Rectangle(12.0, 10.0) => { "Rectangle": [12.0, 10.0]}

While Newtonsoft.Json does this out of the box, I'd be very much against having this representation be a default. Furthermore, I think its a harmful thing to even put in the box in the first place; let me try to justify this:

In order to guard against things that IME happen in the wild, I'd propose the following rules:

Point => { "Point": [] } | "Point"

Again, IME, maintaining symmetry is valuable for nullary cases too. The main reason for this being that any consumer will be able to adapt to me adding a field to the case payload if it's rendered as { "shape": "point"}; one is simply adding a field to an object, versus transitioning from a string to an object.

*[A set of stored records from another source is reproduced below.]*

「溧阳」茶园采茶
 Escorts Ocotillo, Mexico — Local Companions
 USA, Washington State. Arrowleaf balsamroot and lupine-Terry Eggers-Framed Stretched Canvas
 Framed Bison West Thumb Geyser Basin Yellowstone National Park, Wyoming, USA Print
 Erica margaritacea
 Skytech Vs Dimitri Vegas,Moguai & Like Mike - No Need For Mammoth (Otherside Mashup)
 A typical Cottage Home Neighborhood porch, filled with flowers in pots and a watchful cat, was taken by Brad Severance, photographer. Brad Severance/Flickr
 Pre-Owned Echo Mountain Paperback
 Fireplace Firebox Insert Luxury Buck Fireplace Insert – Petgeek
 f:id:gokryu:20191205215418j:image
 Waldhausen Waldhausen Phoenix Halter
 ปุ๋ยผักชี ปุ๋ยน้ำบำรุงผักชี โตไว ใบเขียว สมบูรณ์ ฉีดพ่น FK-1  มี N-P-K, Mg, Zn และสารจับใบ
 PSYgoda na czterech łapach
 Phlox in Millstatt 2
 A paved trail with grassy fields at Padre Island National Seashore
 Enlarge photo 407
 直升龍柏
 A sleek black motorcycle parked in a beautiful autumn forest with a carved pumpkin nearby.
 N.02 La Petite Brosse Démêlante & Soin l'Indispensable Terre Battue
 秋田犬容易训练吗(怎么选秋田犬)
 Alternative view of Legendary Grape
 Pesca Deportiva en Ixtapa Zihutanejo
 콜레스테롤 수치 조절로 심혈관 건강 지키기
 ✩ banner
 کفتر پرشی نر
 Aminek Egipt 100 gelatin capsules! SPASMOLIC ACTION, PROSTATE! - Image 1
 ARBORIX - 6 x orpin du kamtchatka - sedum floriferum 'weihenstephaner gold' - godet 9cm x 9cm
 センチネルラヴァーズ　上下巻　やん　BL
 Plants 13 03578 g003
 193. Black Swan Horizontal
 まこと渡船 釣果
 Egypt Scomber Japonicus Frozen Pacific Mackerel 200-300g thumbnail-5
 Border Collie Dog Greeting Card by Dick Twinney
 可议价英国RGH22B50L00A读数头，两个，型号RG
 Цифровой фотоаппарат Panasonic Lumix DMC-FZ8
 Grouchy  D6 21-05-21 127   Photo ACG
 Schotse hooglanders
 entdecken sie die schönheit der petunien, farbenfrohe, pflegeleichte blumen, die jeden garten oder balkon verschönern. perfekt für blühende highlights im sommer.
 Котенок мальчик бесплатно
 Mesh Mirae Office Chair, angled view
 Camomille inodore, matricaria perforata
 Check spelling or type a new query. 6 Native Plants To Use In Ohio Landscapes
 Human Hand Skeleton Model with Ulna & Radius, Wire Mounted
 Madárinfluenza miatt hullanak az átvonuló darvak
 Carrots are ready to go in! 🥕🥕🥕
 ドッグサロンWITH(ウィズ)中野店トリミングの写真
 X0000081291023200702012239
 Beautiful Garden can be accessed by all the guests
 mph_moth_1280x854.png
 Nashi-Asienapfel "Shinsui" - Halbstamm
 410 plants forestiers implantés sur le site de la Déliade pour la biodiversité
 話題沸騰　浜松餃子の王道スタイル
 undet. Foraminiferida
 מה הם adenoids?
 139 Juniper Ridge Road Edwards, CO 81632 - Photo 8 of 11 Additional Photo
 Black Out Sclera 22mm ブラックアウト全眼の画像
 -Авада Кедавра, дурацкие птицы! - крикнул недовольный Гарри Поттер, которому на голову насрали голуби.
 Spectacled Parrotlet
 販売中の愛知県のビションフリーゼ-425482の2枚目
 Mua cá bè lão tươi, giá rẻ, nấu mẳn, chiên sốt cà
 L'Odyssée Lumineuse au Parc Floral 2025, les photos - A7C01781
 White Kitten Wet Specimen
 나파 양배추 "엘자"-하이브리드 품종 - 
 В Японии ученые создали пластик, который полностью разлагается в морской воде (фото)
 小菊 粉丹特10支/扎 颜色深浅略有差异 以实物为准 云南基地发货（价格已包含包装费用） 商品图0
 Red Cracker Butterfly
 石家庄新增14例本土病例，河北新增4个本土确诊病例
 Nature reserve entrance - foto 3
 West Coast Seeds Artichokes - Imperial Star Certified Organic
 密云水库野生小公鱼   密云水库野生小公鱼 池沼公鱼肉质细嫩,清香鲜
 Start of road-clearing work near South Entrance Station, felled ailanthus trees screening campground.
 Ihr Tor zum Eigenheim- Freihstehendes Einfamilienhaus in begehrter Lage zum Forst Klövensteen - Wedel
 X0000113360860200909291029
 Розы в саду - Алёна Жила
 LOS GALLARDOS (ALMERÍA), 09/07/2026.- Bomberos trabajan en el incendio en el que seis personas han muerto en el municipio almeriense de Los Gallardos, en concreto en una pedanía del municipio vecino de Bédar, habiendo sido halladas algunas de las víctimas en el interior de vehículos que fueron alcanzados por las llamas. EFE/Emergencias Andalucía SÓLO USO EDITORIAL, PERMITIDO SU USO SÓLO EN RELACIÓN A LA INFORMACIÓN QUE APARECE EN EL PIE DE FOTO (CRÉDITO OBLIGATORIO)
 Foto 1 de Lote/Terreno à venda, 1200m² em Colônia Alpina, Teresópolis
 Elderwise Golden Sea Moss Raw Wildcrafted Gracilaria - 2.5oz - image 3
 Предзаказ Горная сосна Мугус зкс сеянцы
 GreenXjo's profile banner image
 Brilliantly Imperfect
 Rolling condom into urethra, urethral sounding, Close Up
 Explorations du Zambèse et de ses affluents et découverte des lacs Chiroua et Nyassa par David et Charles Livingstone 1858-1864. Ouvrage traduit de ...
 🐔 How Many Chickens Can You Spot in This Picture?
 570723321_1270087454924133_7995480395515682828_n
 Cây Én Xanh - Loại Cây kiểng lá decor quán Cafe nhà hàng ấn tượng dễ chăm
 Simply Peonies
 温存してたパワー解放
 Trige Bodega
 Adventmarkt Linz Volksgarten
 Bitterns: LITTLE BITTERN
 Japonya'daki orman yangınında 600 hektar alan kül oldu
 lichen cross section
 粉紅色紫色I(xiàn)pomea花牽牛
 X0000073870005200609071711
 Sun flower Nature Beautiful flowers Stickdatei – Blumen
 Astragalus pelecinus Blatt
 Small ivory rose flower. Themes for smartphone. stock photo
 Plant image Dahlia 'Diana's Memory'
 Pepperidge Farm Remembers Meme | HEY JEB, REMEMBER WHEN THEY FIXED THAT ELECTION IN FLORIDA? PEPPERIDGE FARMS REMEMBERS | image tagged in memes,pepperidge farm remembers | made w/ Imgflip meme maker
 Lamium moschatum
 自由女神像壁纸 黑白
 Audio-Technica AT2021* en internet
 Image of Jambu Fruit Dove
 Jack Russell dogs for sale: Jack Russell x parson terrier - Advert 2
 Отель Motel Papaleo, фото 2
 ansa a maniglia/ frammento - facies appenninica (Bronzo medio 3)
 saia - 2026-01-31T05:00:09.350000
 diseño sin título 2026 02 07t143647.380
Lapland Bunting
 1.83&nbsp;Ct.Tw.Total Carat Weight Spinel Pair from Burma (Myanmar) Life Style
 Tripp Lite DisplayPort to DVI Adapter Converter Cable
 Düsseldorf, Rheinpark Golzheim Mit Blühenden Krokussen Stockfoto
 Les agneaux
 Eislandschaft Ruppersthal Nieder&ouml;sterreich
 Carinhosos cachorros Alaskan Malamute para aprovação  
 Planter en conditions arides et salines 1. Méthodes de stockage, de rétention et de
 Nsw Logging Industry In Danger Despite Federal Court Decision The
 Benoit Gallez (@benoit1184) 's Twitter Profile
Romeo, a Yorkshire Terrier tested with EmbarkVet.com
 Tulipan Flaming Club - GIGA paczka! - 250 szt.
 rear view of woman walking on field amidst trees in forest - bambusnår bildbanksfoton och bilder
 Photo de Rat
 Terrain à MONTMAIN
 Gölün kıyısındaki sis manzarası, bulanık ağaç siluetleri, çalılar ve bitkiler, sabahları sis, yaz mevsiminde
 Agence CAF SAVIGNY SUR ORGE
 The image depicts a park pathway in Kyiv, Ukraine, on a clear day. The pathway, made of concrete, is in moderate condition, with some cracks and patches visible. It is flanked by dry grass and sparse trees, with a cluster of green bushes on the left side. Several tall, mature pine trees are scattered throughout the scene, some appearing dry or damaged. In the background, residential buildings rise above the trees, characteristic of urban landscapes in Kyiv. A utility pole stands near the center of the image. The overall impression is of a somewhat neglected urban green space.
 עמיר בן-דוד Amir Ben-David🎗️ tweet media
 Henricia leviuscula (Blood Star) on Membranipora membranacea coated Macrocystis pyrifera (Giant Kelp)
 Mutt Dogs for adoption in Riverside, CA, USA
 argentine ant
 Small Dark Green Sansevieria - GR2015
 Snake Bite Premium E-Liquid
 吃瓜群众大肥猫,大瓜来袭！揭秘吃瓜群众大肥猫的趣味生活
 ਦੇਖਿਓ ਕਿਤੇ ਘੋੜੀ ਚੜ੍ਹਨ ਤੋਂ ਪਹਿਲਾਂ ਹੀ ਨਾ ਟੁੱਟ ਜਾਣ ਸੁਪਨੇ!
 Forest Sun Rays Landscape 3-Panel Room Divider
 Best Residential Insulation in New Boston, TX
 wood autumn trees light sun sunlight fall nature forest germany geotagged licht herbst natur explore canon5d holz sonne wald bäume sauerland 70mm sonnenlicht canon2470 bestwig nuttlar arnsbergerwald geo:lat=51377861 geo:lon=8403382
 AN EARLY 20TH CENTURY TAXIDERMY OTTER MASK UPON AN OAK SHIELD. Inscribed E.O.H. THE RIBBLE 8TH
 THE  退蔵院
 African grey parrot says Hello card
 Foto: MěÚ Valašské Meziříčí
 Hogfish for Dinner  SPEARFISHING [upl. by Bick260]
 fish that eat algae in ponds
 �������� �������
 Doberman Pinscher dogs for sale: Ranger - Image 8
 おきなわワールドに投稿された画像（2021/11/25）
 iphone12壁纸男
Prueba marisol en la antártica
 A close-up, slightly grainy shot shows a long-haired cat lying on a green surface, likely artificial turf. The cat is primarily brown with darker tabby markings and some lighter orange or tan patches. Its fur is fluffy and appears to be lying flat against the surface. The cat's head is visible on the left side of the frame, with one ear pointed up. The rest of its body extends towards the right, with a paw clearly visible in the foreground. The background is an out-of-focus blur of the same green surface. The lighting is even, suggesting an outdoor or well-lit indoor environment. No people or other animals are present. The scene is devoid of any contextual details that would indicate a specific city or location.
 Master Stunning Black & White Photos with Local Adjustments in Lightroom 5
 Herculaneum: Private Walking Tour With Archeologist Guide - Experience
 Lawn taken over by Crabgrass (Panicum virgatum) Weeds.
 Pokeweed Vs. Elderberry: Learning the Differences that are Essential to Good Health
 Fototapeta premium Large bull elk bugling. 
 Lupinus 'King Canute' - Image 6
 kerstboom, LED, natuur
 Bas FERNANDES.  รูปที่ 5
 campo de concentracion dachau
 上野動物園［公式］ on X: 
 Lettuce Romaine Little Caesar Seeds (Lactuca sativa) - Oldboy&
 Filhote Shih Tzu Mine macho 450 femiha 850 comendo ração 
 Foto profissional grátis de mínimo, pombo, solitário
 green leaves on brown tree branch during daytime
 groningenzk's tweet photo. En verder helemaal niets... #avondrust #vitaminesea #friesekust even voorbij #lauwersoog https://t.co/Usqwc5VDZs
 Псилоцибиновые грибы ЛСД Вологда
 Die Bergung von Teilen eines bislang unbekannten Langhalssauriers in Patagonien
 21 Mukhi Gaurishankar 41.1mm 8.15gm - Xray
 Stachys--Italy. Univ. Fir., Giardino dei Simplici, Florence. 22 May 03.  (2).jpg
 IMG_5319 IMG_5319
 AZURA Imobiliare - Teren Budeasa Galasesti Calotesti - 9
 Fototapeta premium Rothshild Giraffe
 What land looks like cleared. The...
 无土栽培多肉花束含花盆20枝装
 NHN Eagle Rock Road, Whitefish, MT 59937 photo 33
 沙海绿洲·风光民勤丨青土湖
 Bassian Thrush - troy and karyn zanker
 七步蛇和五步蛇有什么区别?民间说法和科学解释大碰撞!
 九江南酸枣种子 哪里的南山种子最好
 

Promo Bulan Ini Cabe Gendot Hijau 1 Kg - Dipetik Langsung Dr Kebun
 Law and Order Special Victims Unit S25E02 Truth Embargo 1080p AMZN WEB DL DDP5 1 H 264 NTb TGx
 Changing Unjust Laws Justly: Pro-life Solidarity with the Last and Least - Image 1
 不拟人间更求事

I'd also mention another reason a canonical default handing is likely to run aground even if it was to be defined:

jhf commented 3 years ago

I agree with @bartelink that the compatibility of json encoded data can be a minefield, that requires attention when writing migrations, and when making API changes.

I still think that having a default canonical implementation provides a good user experience. I think it is too early to force the programmer understand and choose between serialisation strategies just because they wish to turn information into JSON.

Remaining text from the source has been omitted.